Since 2001, USNS Comfort and USNS Mercy have taken part in some 19 humanitarian assistance and disaster response missions — such as U.S. Southern Command’s Continuing Promise medical exercise series and Operation Unified Assistance, the military response to a 2004 earthquake and tsunami in the Indian Ocean — and treated more than 550,000 patients. But of these missions, only two were stateside deployments.
The Comfort was sent to New York City following the attacks on Sept. 11, 2001.
Originally envisioned as a floating trauma hospital for the victims of the twin towers’ collapse after the 9/11 attacks, the ship’s mission changed when it became clear there were not the large numbers of injured expected. Vice Adm. (Dr.) Michael Cowan, Navy surgeon general in 2001, recalled that New York’s Emergency Management Office stated the city was being overwhelmed by the needs of the displaced and relief workers.
“The island didn’t have facilities to support the firemen and rescuers and police digging through the rubble and sleeping on the hood of their engines,” Cowan said. “They were becoming dirty, going without water as they worked in harsh environments.” The city requested that the Comfort provide humanitarian services while docked close to the site.
From Sept. 14 to Oct. 1, the Comfort provided hot meals, showers, beds and clean clothes to about 1,000 relief workers a day from its temporary home at Pier 92 in Manhattan.
Following Hurricane Katrina in 2005, the Comfort deployed to the Gulf Coast, where it treated 1,258 patients at Pascagoula, Mississippi and New Orleans.
When commissioned on Dec. 28, 1920, the USS Relief [below] could boast the same amenities as the most modern hospitals at the time: large corridors and elevators for transporting patients and fully equipped surgical operating rooms, wards, galleys, pantries, wash rooms, laboratories and dispensaries, as well as a sterilizing/disinfecting room, all with tiled flooring.
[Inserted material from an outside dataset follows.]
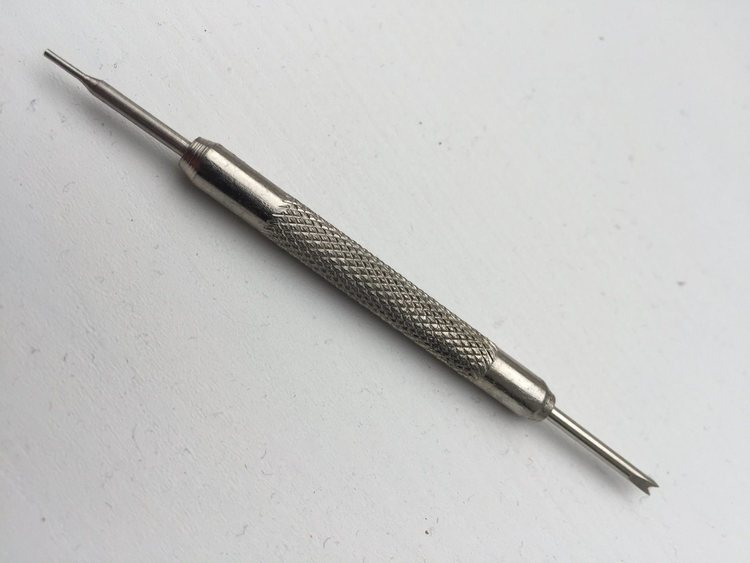 Klockverktyg pin tool bandstiftsverktyg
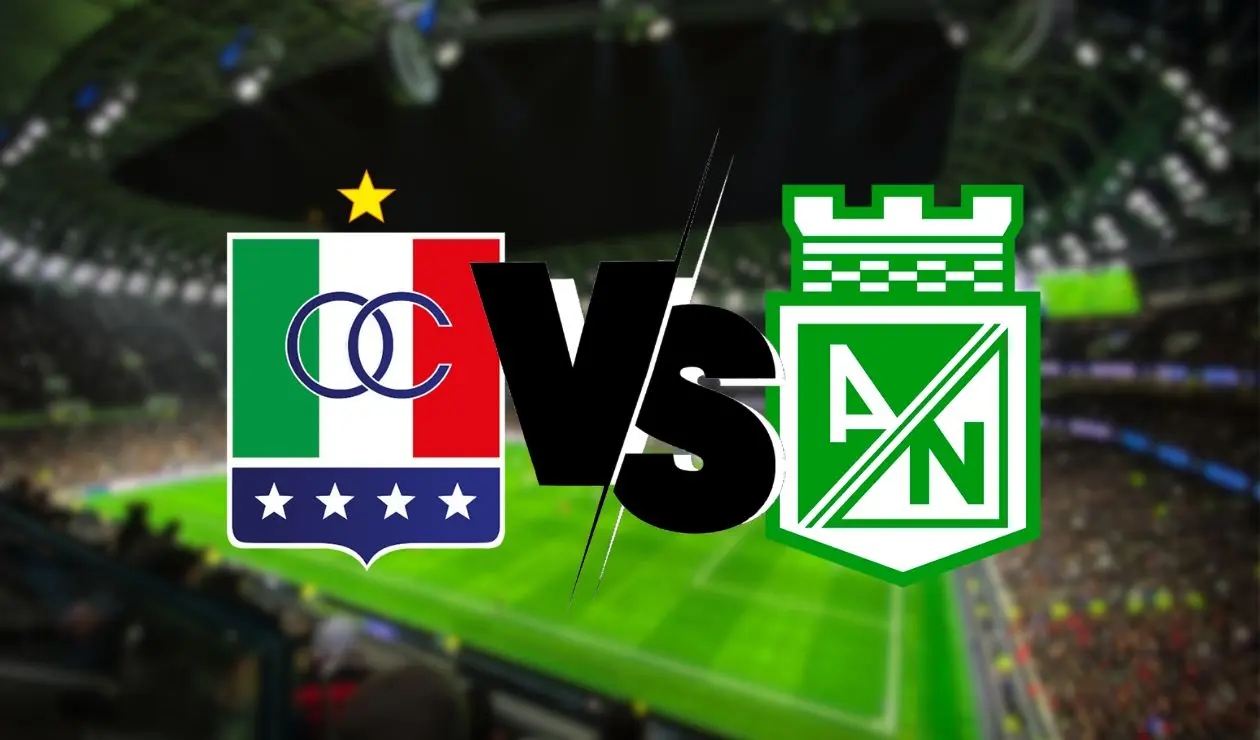 Once Caldas vs Nacional, Copa BetPlay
The Mercy and the Comfort are no different in this regard and are comparable to some of the largest trauma hospitals in the United States. Each ship has 12 fully equipped operating rooms, a bed capacity of 1,000, and digital radiological services, medical laboratories, full-serve pharmacies, blood banks, medical equipment repair shops, prosthetics and physical therapy.
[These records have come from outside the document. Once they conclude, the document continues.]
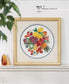 Flowers and Fruits Cross Stitch 3 (Kaoru Totsuka) (2023)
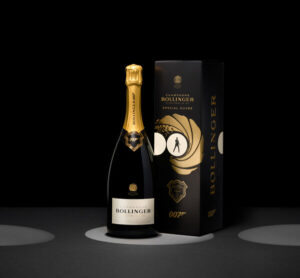 Champagne Bollinger、新製品「Special Cuvée 007 Limited Edition」を発表、 James Bond公式シャンパンとして45年以上の歴史を祝う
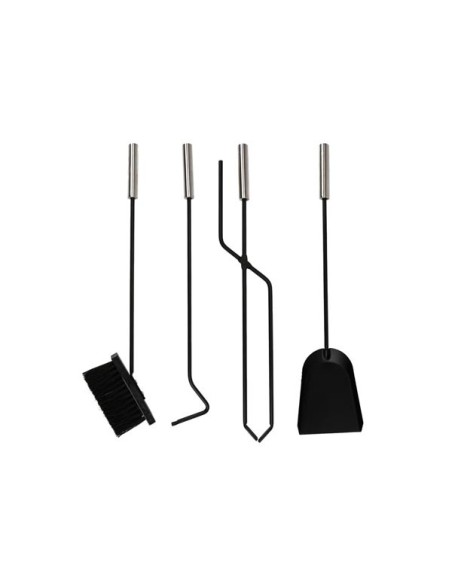 ACCESSOIRES POUR CHEMINÉE - 4 pcs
Each emblazoned with nine red crosses and stretching 894 feet in length — the size of three football fields — the Mercy and Comfort remain powerful symbols of medical care and hope during the darkest times.
* During the great influenza pandemic of 1918, the Comfort and the Mercy [predecessors of today’s Comfort and Mercy] were each briefly stationed in New York, where they took care of overflow patients from the 3rd Naval District before returning to the fleet and sailing across the Atlantic Ocean. Along with the USS Solace, these ships ferried thousands of wounded and sick — including some with virulent cases of the flu — back to stateside facilities.
The author is a retired U.S. Air Force officer and a writer.